§ Exercise aim:
From the entries below, please output exactly the lines starting at the one containing "Funny Free Printable" and ending at the one containing "1pc Baby Silicone", both included.

§ Listed records:

*** Block opens ***

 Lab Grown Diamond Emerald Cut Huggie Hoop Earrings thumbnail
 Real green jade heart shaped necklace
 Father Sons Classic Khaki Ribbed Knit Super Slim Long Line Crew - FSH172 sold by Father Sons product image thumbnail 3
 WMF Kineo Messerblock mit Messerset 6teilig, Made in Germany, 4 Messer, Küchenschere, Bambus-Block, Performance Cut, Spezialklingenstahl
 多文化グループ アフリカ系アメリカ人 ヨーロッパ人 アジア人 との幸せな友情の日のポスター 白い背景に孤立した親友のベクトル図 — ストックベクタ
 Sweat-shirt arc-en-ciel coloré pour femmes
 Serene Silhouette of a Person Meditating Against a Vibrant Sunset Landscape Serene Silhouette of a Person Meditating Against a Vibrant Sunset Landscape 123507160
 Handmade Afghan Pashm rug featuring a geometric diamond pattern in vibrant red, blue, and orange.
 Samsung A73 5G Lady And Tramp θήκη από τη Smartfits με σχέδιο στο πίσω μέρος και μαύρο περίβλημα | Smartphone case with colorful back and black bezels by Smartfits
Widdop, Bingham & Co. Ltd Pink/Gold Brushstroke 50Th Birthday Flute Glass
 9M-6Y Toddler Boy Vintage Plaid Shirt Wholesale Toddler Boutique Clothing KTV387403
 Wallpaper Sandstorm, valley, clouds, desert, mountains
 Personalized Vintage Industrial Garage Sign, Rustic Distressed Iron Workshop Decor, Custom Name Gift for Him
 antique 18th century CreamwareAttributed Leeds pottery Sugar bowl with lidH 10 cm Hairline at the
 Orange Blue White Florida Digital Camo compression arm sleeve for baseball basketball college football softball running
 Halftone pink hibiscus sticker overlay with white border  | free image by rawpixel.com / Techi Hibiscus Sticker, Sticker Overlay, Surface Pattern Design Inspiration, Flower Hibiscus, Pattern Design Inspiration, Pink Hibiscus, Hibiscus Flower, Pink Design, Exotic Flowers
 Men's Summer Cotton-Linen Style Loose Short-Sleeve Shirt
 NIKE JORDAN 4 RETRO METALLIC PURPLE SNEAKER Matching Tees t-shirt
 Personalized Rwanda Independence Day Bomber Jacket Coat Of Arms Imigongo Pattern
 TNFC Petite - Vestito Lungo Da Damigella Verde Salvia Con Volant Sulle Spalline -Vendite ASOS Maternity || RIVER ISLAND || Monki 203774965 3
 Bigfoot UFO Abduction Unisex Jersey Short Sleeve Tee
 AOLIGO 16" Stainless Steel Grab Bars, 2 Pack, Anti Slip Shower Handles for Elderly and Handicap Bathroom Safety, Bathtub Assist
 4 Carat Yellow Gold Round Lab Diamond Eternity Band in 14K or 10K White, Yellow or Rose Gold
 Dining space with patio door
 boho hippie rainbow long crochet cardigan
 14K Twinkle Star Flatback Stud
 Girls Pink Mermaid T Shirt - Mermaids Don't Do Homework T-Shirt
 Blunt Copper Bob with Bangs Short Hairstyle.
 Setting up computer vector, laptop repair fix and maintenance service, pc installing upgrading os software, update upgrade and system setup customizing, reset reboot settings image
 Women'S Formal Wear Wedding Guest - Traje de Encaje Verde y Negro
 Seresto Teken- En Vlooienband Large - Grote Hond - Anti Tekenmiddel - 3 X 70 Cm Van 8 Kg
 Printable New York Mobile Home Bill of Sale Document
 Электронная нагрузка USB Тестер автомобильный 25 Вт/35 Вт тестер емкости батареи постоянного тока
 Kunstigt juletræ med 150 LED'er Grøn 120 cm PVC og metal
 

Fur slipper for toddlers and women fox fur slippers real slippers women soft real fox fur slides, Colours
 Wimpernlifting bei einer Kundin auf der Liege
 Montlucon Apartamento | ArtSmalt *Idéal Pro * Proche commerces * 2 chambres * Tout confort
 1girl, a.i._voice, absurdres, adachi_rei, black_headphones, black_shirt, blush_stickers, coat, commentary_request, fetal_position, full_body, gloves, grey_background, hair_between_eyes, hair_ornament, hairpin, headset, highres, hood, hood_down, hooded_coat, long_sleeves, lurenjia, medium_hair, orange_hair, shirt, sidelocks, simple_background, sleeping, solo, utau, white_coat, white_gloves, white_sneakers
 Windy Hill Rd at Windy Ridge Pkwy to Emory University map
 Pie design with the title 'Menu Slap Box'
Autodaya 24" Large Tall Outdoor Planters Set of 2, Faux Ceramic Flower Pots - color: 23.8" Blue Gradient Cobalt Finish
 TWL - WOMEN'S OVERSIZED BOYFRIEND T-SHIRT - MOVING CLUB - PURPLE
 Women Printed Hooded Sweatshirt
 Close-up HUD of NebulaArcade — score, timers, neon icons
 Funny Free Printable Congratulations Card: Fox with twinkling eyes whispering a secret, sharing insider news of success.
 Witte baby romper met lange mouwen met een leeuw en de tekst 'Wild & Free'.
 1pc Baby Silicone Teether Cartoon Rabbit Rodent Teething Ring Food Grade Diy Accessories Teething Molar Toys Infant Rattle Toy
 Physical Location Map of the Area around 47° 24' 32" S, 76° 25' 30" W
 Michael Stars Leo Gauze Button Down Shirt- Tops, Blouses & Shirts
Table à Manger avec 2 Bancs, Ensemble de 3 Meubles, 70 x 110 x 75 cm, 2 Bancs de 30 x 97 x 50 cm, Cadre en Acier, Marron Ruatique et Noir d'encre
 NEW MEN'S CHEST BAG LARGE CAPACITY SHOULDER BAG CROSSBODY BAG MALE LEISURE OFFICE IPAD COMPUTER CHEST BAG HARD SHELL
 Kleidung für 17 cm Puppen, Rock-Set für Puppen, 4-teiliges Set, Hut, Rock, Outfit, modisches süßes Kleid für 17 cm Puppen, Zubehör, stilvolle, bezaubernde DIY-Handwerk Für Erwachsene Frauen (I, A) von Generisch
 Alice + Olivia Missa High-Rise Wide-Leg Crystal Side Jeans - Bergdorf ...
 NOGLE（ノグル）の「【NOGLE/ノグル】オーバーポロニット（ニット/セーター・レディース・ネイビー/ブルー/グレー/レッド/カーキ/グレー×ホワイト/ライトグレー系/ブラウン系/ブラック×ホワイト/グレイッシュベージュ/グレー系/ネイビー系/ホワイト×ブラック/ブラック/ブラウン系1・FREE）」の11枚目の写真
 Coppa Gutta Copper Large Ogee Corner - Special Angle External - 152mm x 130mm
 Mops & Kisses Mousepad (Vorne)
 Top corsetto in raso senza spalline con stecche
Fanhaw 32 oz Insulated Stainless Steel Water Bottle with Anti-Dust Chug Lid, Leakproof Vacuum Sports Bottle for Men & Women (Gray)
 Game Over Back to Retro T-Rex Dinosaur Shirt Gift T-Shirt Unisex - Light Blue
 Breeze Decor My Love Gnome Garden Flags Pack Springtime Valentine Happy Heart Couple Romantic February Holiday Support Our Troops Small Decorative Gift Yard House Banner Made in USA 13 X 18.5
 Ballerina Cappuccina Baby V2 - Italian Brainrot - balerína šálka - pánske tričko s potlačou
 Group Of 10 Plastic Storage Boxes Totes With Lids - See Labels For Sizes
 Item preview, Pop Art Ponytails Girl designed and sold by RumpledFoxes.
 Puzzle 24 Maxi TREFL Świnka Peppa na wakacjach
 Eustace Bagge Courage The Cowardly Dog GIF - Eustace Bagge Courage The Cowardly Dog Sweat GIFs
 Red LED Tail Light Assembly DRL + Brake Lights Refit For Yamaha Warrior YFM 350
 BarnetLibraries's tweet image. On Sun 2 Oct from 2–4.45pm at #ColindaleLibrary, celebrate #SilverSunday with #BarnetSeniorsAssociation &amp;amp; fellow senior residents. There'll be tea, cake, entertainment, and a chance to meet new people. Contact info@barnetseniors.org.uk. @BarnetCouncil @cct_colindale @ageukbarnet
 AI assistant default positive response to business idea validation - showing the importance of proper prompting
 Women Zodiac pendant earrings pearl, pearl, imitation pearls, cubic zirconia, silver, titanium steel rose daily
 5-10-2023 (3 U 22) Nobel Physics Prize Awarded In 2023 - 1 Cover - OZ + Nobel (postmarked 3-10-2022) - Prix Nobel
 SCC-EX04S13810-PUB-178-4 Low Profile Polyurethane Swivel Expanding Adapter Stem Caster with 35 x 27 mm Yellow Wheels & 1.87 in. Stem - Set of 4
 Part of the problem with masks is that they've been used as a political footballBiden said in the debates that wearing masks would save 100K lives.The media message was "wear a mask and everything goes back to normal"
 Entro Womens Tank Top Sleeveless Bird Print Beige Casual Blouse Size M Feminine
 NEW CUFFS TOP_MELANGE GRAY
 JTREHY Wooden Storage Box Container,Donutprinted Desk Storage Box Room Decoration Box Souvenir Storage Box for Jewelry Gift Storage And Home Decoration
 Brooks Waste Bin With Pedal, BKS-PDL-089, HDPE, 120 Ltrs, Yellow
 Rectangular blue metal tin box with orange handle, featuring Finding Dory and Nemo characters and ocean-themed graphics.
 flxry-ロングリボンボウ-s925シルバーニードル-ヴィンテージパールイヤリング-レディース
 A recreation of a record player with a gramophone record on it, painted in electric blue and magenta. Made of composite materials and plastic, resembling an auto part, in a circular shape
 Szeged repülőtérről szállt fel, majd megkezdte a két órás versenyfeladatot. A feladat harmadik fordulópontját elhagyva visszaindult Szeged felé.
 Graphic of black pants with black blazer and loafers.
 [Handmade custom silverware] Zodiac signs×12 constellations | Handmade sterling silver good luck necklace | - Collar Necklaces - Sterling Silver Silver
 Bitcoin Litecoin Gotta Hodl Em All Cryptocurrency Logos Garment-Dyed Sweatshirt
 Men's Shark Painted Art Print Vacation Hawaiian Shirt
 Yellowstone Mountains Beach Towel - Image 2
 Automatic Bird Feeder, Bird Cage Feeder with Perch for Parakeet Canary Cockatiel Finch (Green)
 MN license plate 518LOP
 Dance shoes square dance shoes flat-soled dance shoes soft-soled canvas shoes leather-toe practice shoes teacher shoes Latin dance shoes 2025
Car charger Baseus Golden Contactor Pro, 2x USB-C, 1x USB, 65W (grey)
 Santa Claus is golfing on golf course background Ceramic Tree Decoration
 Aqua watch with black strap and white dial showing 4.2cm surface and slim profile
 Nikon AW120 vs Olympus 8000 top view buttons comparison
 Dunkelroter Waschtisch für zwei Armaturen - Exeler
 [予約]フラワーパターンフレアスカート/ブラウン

*** Block closes ***

§ Solved exercise:
 Funny Free Printable Congratulations Card: Fox with twinkling eyes whispering a secret, sharing insider news of success.
 Witte baby romper met lange mouwen met een leeuw en de tekst 'Wild & Free'.
 1pc Baby Silicone Teether Cartoon Rabbit Rodent Teething Ring Food Grade Diy Accessories Teething Molar Toys Infant Rattle Toy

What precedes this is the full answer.